Le patron de l’auditeur ne voulant pas perdre un client rappellera alors son auditeur, lui demandant d’être un peu plus souple dans la mesure du raisonnable. Les opportunités d’améliorations disparaitront, quelques non-conformités mineures seront transformées en opportunités d’amélioration et les majeures en mineures. Presque tout le monde sera heureux. Je dis presque, car cela exclut l’auditeur consciencieux qui se voit alors pris entre la conscience professionnelle et la petite politique.

Quoi faire alors?

Je suis le plus grand fervent des systèmes de gestion que vous pouvez imaginer et je suis fondamentalement convaincu qu’il est impossible de gérer la santé et la sécurité sans système de gestion. Je déplore toutefois l’utilisation qui est parfois faite de ces certifications ainsi que l’intention derrière elle qui n’est pas toujours aussi noble que la cause de la prévention.
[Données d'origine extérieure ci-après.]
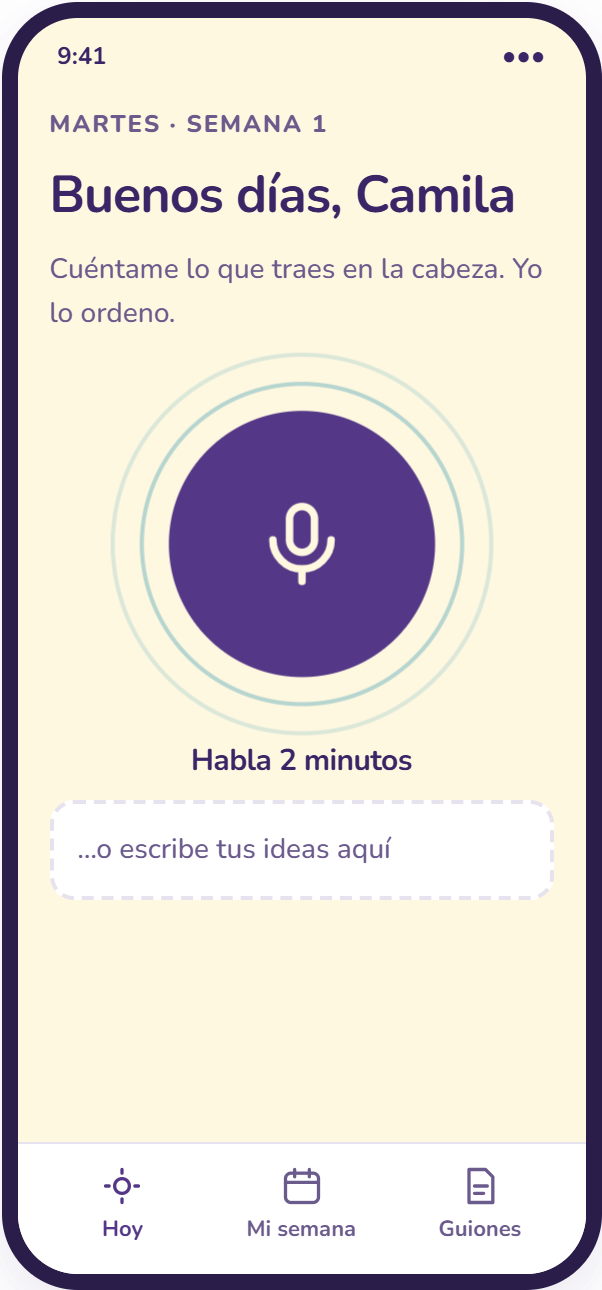 Pantalla de inicio: un botón de micrófono y un campo para escribir tus ideas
Au cours des dernières années, plusieurs illusions relativement à ces systèmes de gestion sont tombées après avoir vu des organisations certifiées selon ces normes depuis plus de 10 ans et qui après analyses avaient le genre de manquements suivants:
• plus de 1000 mesures correctives en archivage et dépassant leurs échéanciers de correction;
• absence d’analyses de risques et de connaissance des risques par l’équipe de gestion;
• aucune connaissance des exigences légales de l’organisation ainsi que leur niveau de conformité;
• aucune pratique des mesures d’urgence;
• absence totale de maitrise des rôles et responsabilités par l’équipe de gestion;
• absence de plan de formation et de communication;
• absence de programme d’audits internes et j’en passe.

La solution est à mon avis la suivante: faites certifier votre gestion de la santé et de la sécurité, seulement si vous voulez gérer sincèrement la santé et la sécurité.
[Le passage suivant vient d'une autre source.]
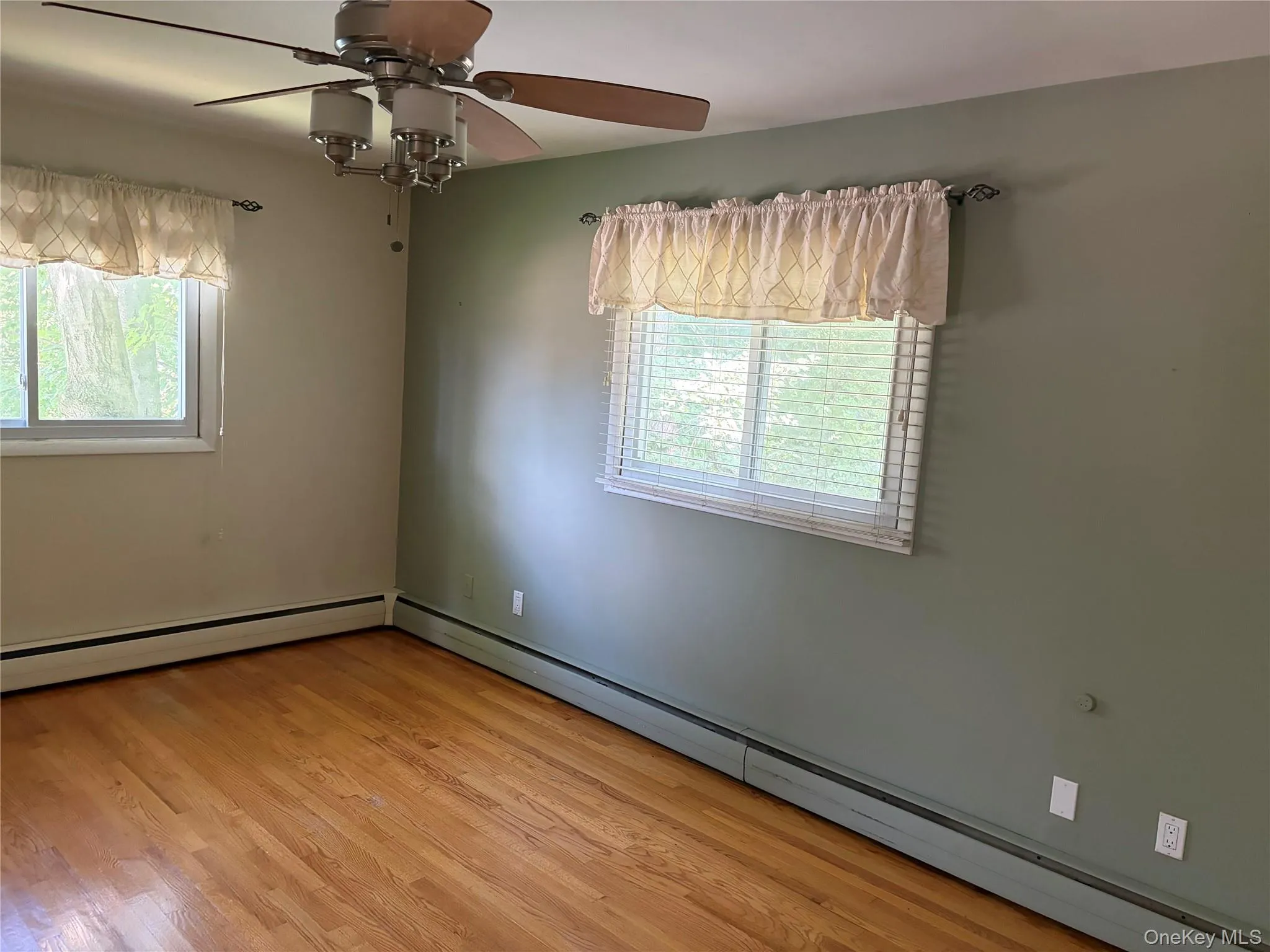 58 Lake Road, Clarkstown, NY, 3 Bedrooms Bedrooms, 7 Rooms Rooms,2 BathroomsBathrooms,Residential Lease,For Rent,Lake,0,1037364 58 Lake Road, Clarkstown, NY, 3 Bedrooms Bedrooms, 7 Rooms Rooms,2 BathroomsBathrooms,Residential Lease,For Rent,Lake,0,1037364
La question à vous poser est de savoir si vous voulez une bannière devant votre organisation ou si vous désirez avoir des résultats. Si vous désirez avoir des résultats, vous comprendrez rapidement que chaque mot et chaque virgule à l’intérieur de ces normes y sont pour une raison bien précise, servant à gérer les risques.
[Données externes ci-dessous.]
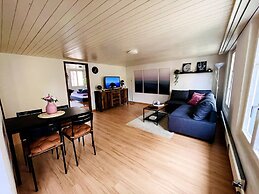 Newly Furnished Beautiful old Building Apartment in the Center With Ap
De plus, les non-conformités ne vous effraieront plus. Elles seront même les bienvenues, car elles vous indiqueront à quel endroit votre gestion de la prévention est plus faible.

Bâtir un système de gestion de performance qui reflète la réalité de gestion de la santé et de la sécurité de votre organisation et qui est appliqué avec rigueur demande de la vision, du leadeurship et de la rigueur.

De l’autre côté, il n’y a rien de plus facile que de monter un système de gestion de complaisance basé sur des procédures dignes des plus grandes œuvres de Shakespeare. Cependant, dans un tel cas, vous allez courir à la veille de vos audits, à tenter de prouver l’improuvable. Vous serez dans l’embarras, tout comme vos auditeurs qui seront pris entre l’arbre et l’écorce.

Les ingrédients d’un système de gestion efficace sont les suivants: simplicité, appropriation par la gestion et de la rigueur. Avec cela tout est possible, sans cela rien ne l’est.

Pour ceux qui voudraient masquer la réalité derrière une bannière, je vous rappellerais le vieux dicton suivant: «la vérité est la réalité». Dans le cas où vos risques ne sont pas gérés convenablement, la vérité finira par faire surface un jour ou l’autre.

La vérité est comme un ballon que l’on tente de garder sous l’eau, elle finit toujours par refaire surface. Le grand malheur ne sera peut-être malheureusement pas que vous perdrez votre certification, mais bien qu’un individu perdra peut être son intégrité physique voire la vie.

Alors avant de vous engager dans une démarche de certification, faites bien attention à ce que vous voulez, car c’est ce que vous obtiendrez. Voulez-vous de la complaisance ou de la performance. Le choix vous appartient.